Unfortunately, while his professional life was peppered with stars, his personal relationships, at least with two of his wives, Seema Kapoor and Nandita Puri, were terribly strained. Nandita is a journalist – and if I remember right – her interview with Om had led to the two falling in love. That was years ago.
Their marriage did not make the kind of headline that Nandita’s book on Om did in 2009. Her biography, Unlikely Hero: Om Puri, drove what seemed like an unbridgeable wedge between the two. And they separated.
The biography spoke explicitly about Om’s sexual affairs. One of them happened when he was just a boy of 14. The actor was understandably livid, and said that he had not given his consent to the book. He had not even been shown the manuscript, he contended.
The biography also referred to Om’s long relationship with another woman.
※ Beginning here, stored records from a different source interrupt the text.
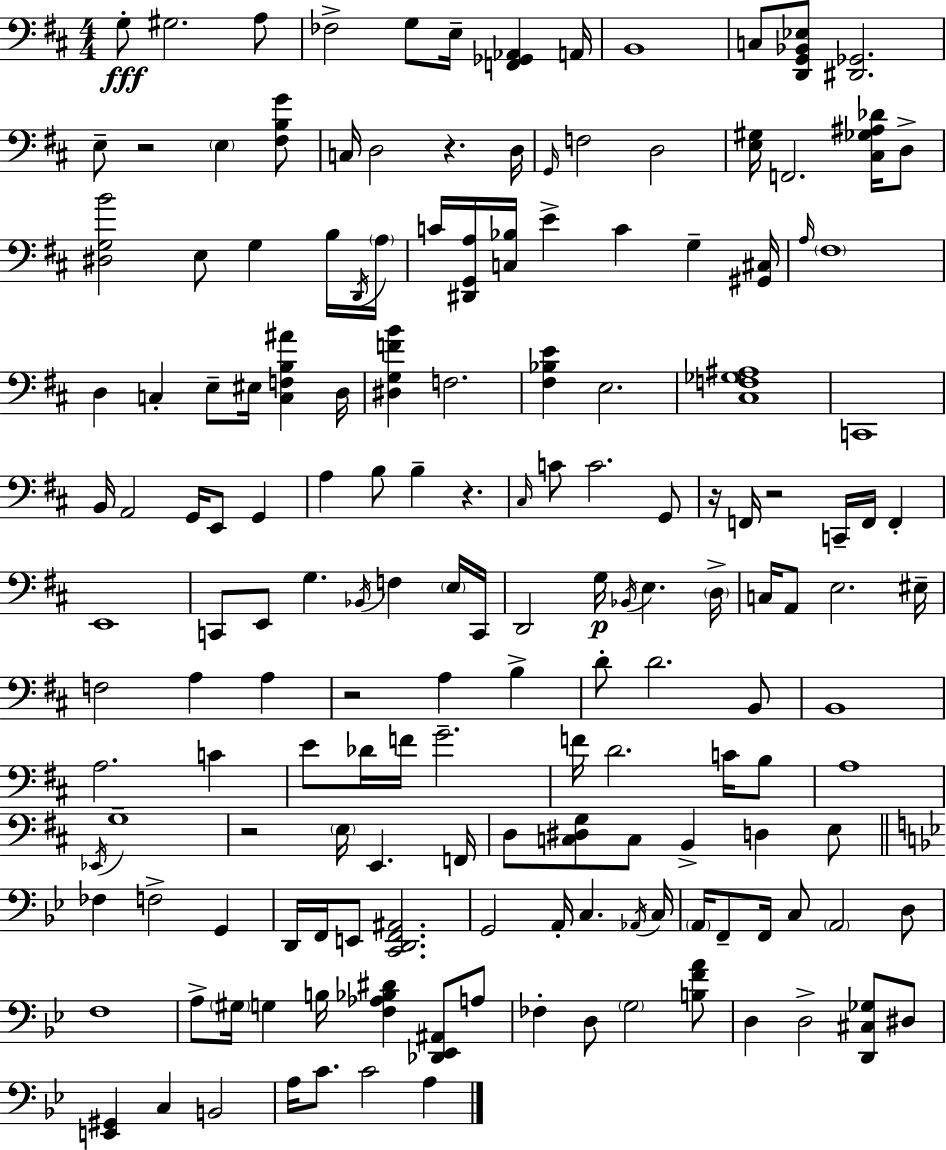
{
  \clef bass
  \numericTimeSignature
  \time 4/4
  \key d \major
  g8-.\fff gis2. a8 | fes2-> g8 e16-- <f, ges, aes,>4 a,16 | b,1 | c8 <d, g, bes, ees>8 <dis, ges,>2. | \break e8-- r2 \parenthesize e4 <fis b g'>8 | c16 d2 r4. d16 | \grace { g,16 } f2 d2 | <e gis>16 f,2. <cis ges ais des'>16 d8-> | \break <dis g b'>2 e8 g4 b16 | \acciaccatura { d,16 } \parenthesize a16 c'16 <dis, g, a>16 <c bes>16 e'4-> c'4 g4-- | <gis, cis>16 \grace { a16 } \parenthesize fis1 | d4 c4-. e8-- eis16 <c f b ais'>4 | \break d16 <dis g f' b'>4 f2. | <fis bes e'>4 e2. | <cis f ges ais>1 | c,1 | \break b,16 a,2 g,16 e,8 g,4 | a4 b8 b4-- r4. | \grace { cis16 } c'8 c'2. | g,8 r16 f,16 r2 c,16-- f,16 | \break f,4-. e,1 | c,8 e,8 g4. \acciaccatura { bes,16 } f4 | \parenthesize e16 c,16 d,2 g16\p \acciaccatura { bes,16 } e4. | \parenthesize d16-> c16 a,8 e2. | \break eis16-- f2 a4 | a4 r2 a4 | b4-> d'8-. d'2. | b,8 b,1 | \break a2. | c'4 e'8 des'16 f'16 g'2.-- | f'16 d'2. | c'16 b8 a1 | \break \acciaccatura { ees,16 } g1-- | r2 \parenthesize e16 | e,4. f,16 d8 <c dis g>8 c8 b,4-> | d4 e8 \bar "||" \break \key bes \major fes4 f2-> g,4 | d,16 f,16 e,8 <c, d, f, ais,>2. | g,2 a,16-. c4. \acciaccatura { aes,16 } | c16 \parenthesize a,16 f,8-- f,16 c8 \parenthesize a,2 d8 | \break f1 | a8-> \parenthesize gis16 g4 b16 <f aes bes dis'>4 <des, ees, ais,>8 a8 | fes4-. d8 \parenthesize g2 <b f' a'>8 | d4 d2-> <d, cis ges>8 dis8 | \break <e, gis,>4 c4 b,2 | a16 c'8. c'2 a4 | \bar "|."
} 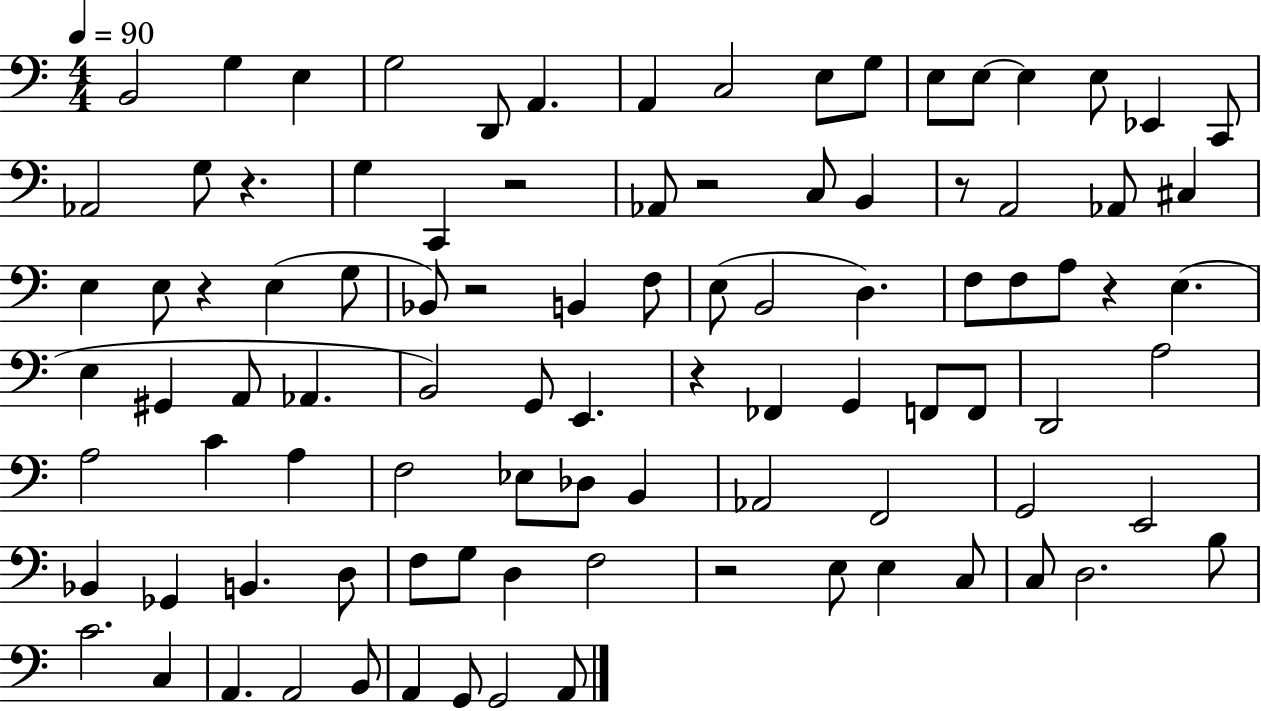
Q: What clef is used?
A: bass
He retorted: “This lady whom Nandita talks about in such an undignified manner was Laxmi, who raised me and my brother’s orphaned children. My relationship with this wonderful woman was a homage to her loyalty for looking after me unconditionally”. The actor was furious when he told the Times of India this soon after the book was published.
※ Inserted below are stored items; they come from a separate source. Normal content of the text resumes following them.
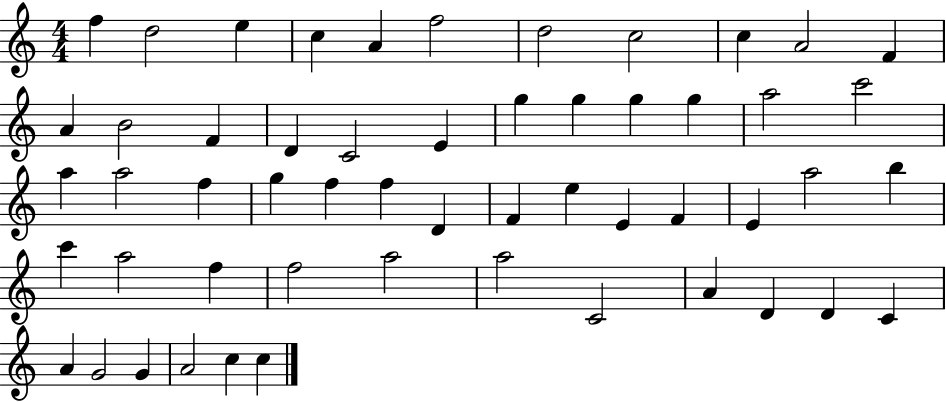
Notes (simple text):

F5/q D5/h E5/q C5/q A4/q F5/h D5/h C5/h C5/q A4/h F4/q A4/q B4/h F4/q D4/q C4/h E4/q G5/q G5/q G5/q G5/q A5/h C6/h A5/q A5/h F5/q G5/q F5/q F5/q D4/q F4/q E5/q E4/q F4/q E4/q A5/h B5/q C6/q A5/h F5/q F5/h A5/h A5/h C4/h A4/q D4/q D4/q C4/q A4/q G4/h G4/q A4/h C5/q C5/q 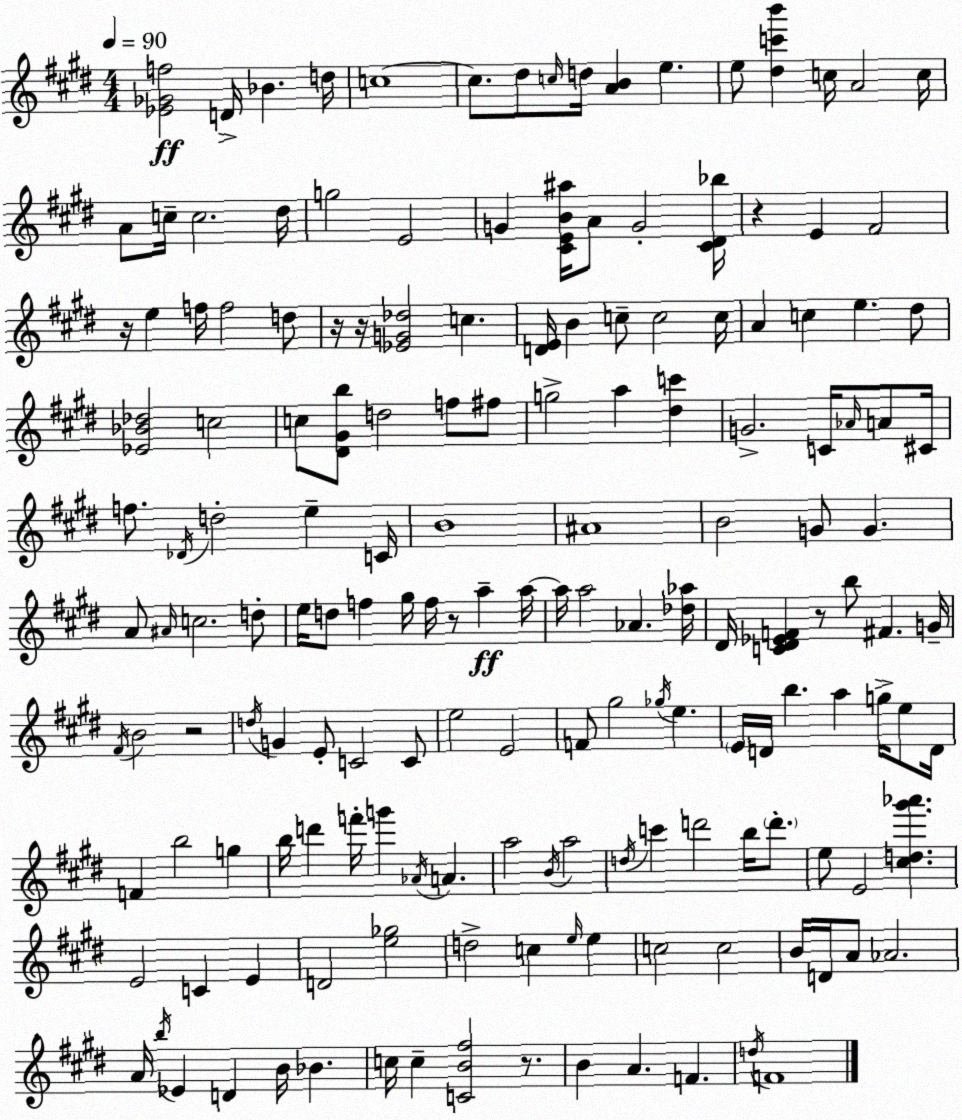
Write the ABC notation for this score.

X:1
T:Untitled
M:4/4
L:1/4
K:E
[_E_Gf]2 D/4 _B d/4 c4 c/2 ^d/2 c/4 d/4 [AB] e e/2 [^dc'b'] c/4 A2 c/4 A/2 c/4 c2 ^d/4 g2 E2 G [^CEB^a]/4 A/2 G2 [^C^D_b]/4 z E ^F2 z/4 e f/4 f2 d/2 z/4 z/4 [_EG_d]2 c [DE]/4 B c/2 c2 c/4 A c e ^d/2 [_E_B_d]2 c2 c/2 [^D^Gb]/2 d2 f/2 ^f/2 g2 a [^dc'] G2 C/4 _A/4 A/2 ^C/4 f/2 _D/4 d2 e C/4 B4 ^A4 B2 G/2 G A/2 ^A/4 c2 d/2 e/4 d/2 f ^g/4 f/4 z/2 a a/4 a/4 a2 _A [_d_a]/4 ^D/4 [C^D_EF] z/2 b/2 ^F G/4 ^F/4 B2 z2 d/4 G E/2 C2 C/2 e2 E2 F/2 ^g2 _g/4 e E/4 D/4 b a g/4 e/2 D/4 F b2 g b/4 d' f'/4 g' _A/4 A a2 B/4 a2 d/4 c' d'2 b/4 d'/2 e/2 E2 [^cd^g'_a'] E2 C E D2 [e_g]2 d2 c e/4 e c2 c2 B/4 D/4 A/2 _A2 A/4 b/4 _E D B/4 _B c/4 c [CB^f]2 z/2 B A F d/4 F4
Om was initially married to Seema, who was actor Anu Kapoor’s sister. This union lasted barely eight months, and Anu had been quite angry with Om. But he refrained from going public with his accusations.
I have always felt that in any marital dispute, both partners are to be blamed. The degree may vary. But most important, I think that Nandita as a professional journalist should have stopped herself from writing about Om’s intimate life. And, don’t you think that Nandita should have kept her husband in the loop about what she was all set to publish. To me, Nandita’s action seemed unfair – a classic example of trying to sell a book on its sensationalism.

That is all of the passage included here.